#### [PROBLEM TO WORK ON]
Excluding images, repeat the data exactly as given.

[SUPPLIED MATERIAL — start]

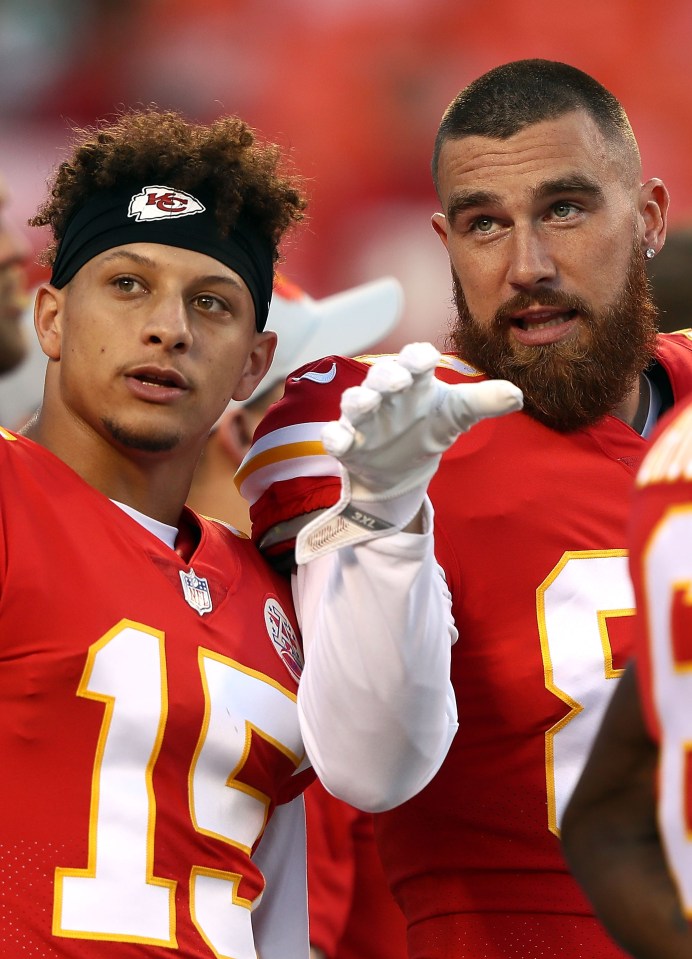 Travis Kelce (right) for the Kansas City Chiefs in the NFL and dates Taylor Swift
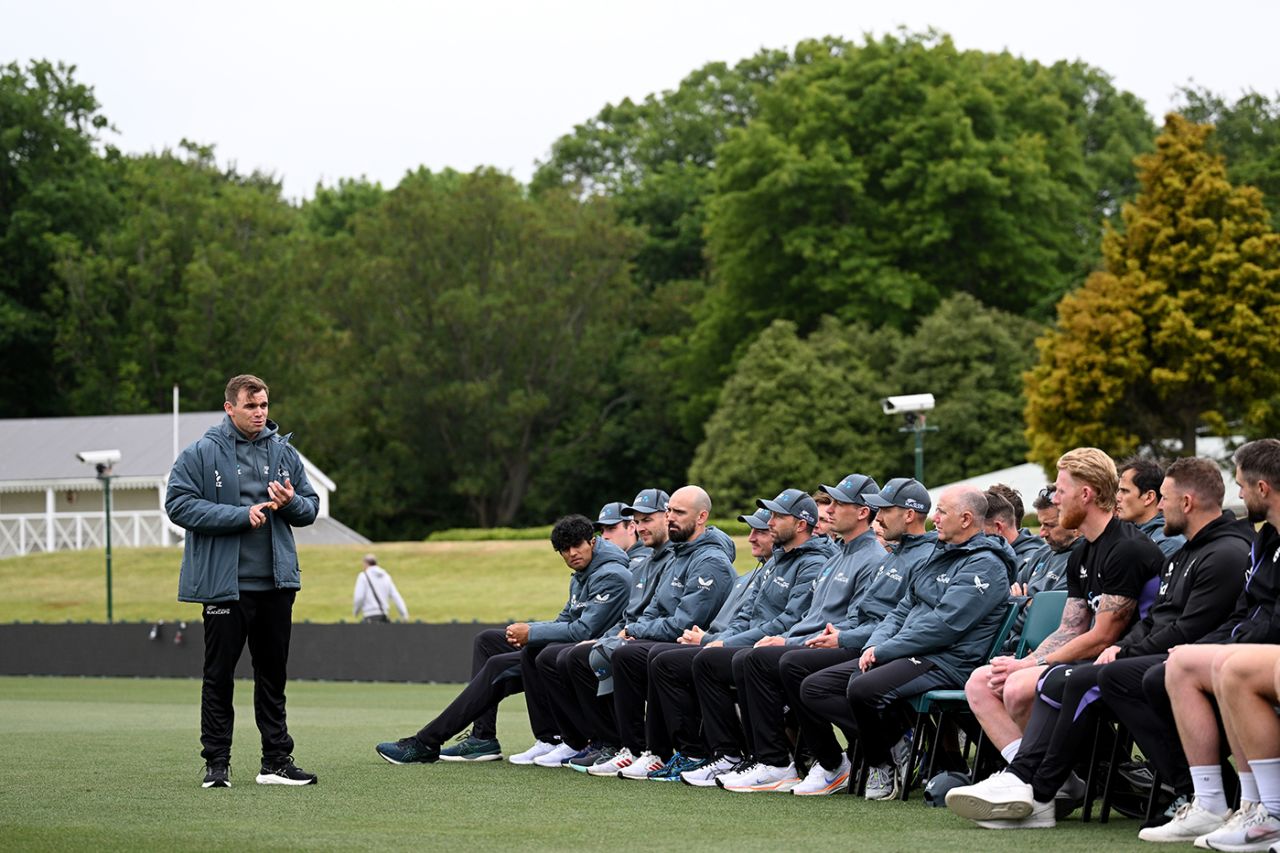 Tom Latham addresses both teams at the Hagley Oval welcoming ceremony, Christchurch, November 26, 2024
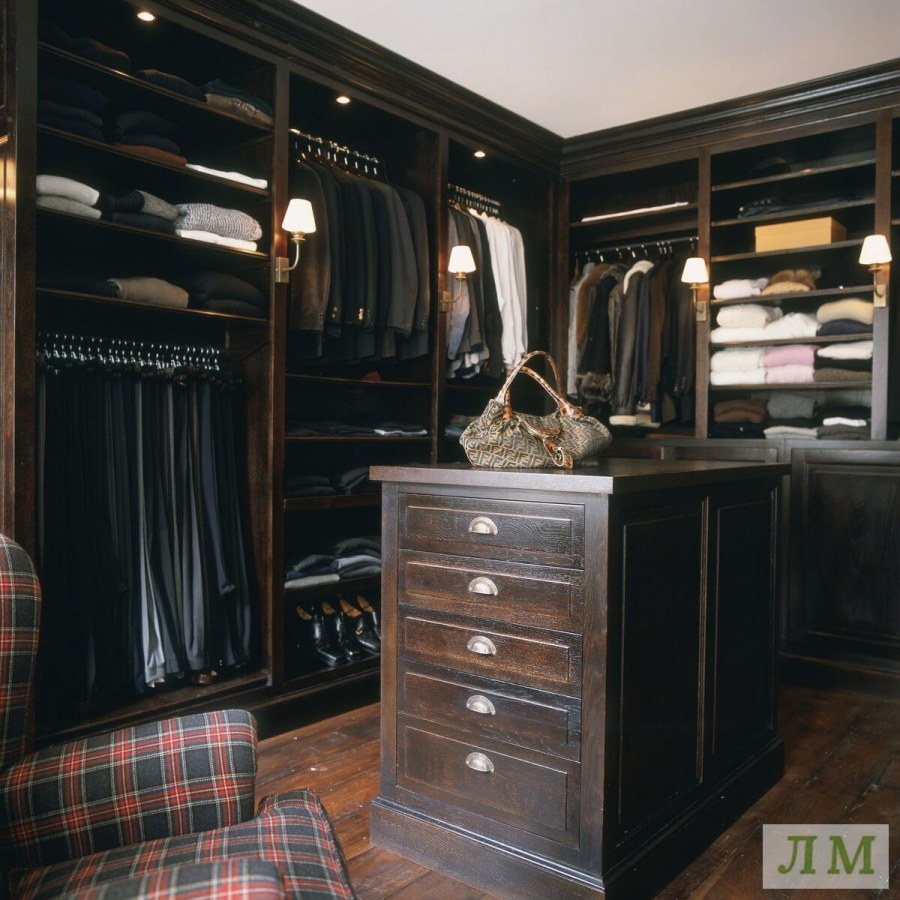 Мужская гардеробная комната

[SUPPLIED MATERIAL — finish]

#### [ANSWER BELOW]
 Travis Kelce (right) for the Kansas City Chiefs in the NFL and dates Taylor Swift
 Tom Latham addresses both teams at the Hagley Oval welcoming ceremony, Christchurch, November 26, 2024
 Мужская гардеробная комната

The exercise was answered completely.